When a ball rolls without slipping down a track, it seems like static friction from the track does rotational work on the ball. As explained in this post: Is work done in rolling friction?, this work is exactly the same as the work done by gravity around the pivot point. But shouldn't the track also do linear (i.e. translational, not rotational) work on the ball? After all, the ball is moving.

(The fact that the pivot point is not moving does not seem to be a sufficient explanation because $F=ma$ holds and therefore so should the work-energy theorem for the displacement of the ball.)

Answer 1

But shouldn't the track also do linear (i.e. translational, not rotational) work on the ball? After all, the ball is moving.

when a block is sliding down a slope, the friction force $F$ does work and slows the block down. Work is done on the block because the force is acting parallel to the velocity.

For the ball, it's true that it's moving down the slope, $v_1$, but the point $P$ where the friction is acting is moving perpendicular to the force, in the direction of $v_3$.

The point $P$ moves in the shape of a cycloid, and moves perpendicular to the surface when in contact with it (e.g. at $2\pi a$)

The formula for work done is $W= Fd\cos\theta$, where $\theta$ is the angle between the force and the distance moved, so (ideally) no work is done on a rolling ball by friction.

Answer 2

This is a very (needlessly) confusing topic that, for whatever reason, is frequently taught incorrectly.

The power of a specific force is given by $P=\vec F \cdot \vec v$ where $\vec v$ is the velocity of the material at the point of application of $\vec F$. This simple definition works for any mechanical force in any classical mechanical scenario. Then the work done by that force is simply $W=\int P \ dt$.

Now, specifically for this scenario, a ball rolling without slipping down an incline, there are three forces: the normal force, the frictional force, and the gravitational force.

The normal force and the frictional force are both applied at the contact point. The contact point is moving, but the velocity of the material at the contact point is 0. The contact point is not an object, so its motion is not important. What is important is the motion of the material at the contact point, which is $\vec v=0$. So then $P=0$ and $W=0$ for both the normal force and the frictional force.

The gravitational force, in contrast, is applied at the center of mass. The center of mass is moving at a nonzero $\vec v$ and $\vec F$ is not perpendicular, so $P=\vec F \cdot \vec v = F v \ \sin(\theta)$. So all of the work is done by gravity. The only source of kinetic energy, both linear and rotational, is the decreased PE from gravity.

Although the frictional force does provide torque it does not provide energy. That makes sense because the frictional force does not have an associated potential energy. The frictional force does convert some of the gravitational PE into rotational KE, but it does not do so by doing any work. The energy comes only from gravity.

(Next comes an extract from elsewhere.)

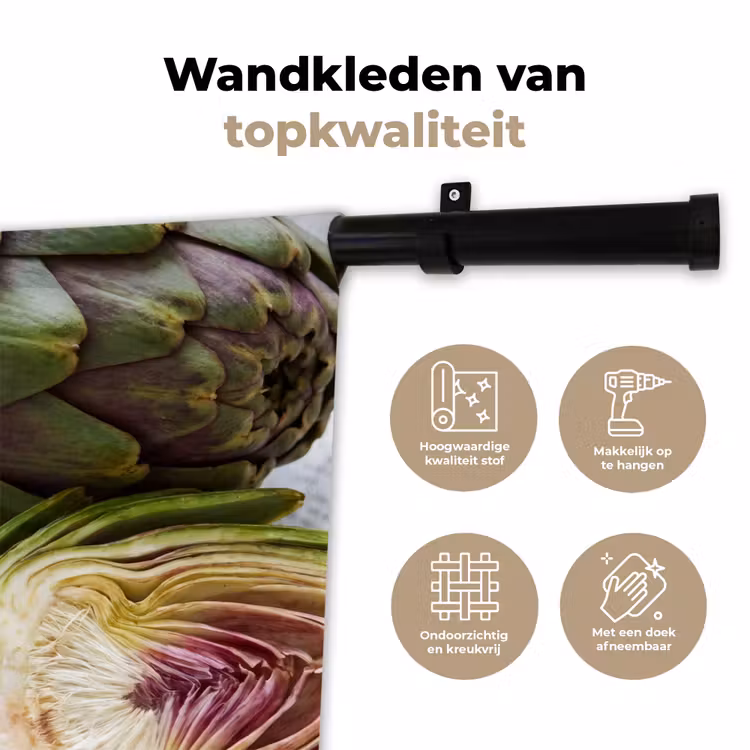 Wandkleed - Artisjok - Doorgesneden - Eten - Artisjok - Doorgesneden - Eten Wandkleed katoen klein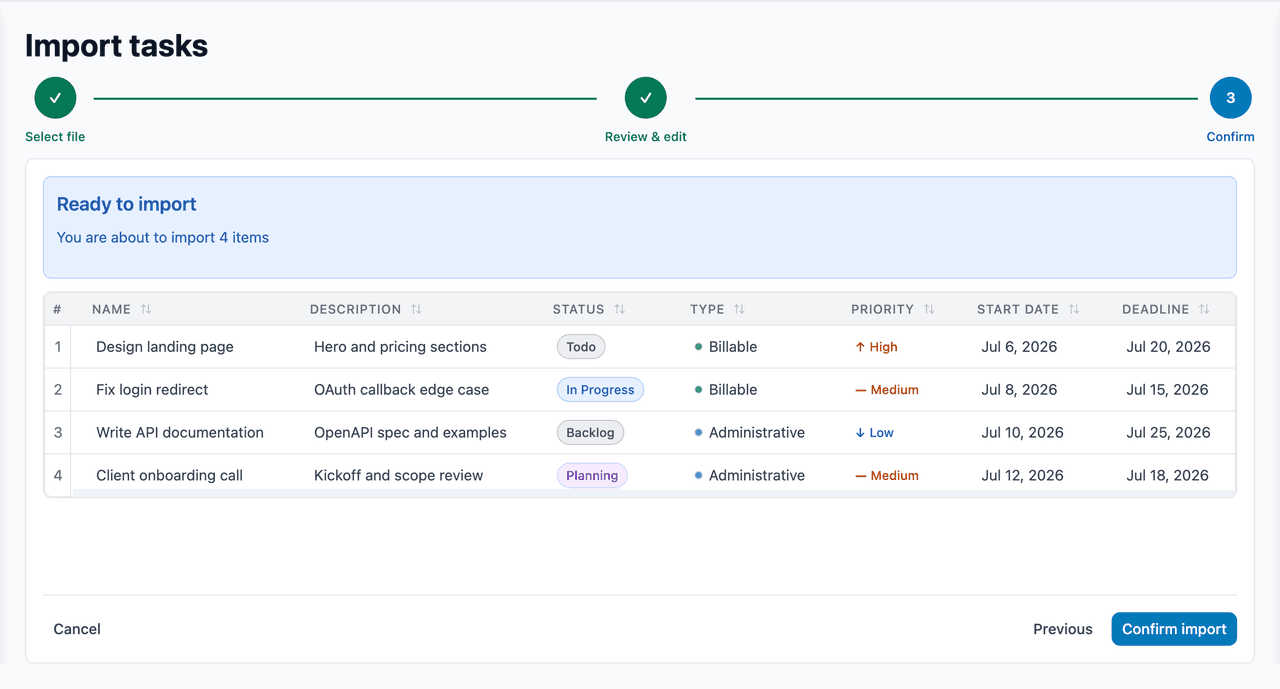 Confirming the tasks to import before they are created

This does not contradict the work energy theorem in any way. The net force is still related to the change in translational KE as specified by the theorem. The work energy theorem only tells you about the net force and the change in translational KE. It does not tell you anything about the work done by any individual force, even when there is only one force. Any attempt to use the work energy theorem to deduce the work done by an individual force is a misuse of the theorem.

Answer 3

Yes, the track does work. You can verify that the final velocity of the ball is less than $\sqrt{2gh}$. This is because the friction force did negative work.

This is exactly what is the work-energy theorem says: The sum of the forces on an object times the displacement of the center of mass of the object is equal to the change in $\frac12 mv^2$, where $v$ is the velocity of the center of mass of the object. This is precisely what is happening here. The static friction force acts against the motion of the ball and reduces its final linear kinetic energy.

As for conservation of energy, the work done by the friction force is exactly equal to the final rotational kinetic energy of the ball. The total change in kinetic energy (linear plus rotational) is indeed equal to $mgh$. So everyone goes home happy :).